Give back an exact copy of the lines in the records below, from the line that has "Some Men In" through the line that has "Practicing Forgiveness: A", and nothing besides.

Dataset excerpts section start

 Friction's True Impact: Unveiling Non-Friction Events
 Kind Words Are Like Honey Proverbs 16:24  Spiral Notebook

Dataset excerpts section end
Dataset excerpts section start

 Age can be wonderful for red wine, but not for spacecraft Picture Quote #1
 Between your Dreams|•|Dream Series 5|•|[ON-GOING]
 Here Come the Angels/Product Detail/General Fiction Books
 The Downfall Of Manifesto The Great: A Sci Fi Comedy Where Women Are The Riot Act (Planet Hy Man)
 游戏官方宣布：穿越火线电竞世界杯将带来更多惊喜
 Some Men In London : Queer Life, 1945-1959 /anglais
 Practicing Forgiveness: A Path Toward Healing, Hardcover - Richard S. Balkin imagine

Dataset excerpts section end

■ **Problem solution**
 Some Men In London : Queer Life, 1945-1959 /anglais
 Practicing Forgiveness: A Path Toward Healing, Hardcover - Richard S. Balkin imagine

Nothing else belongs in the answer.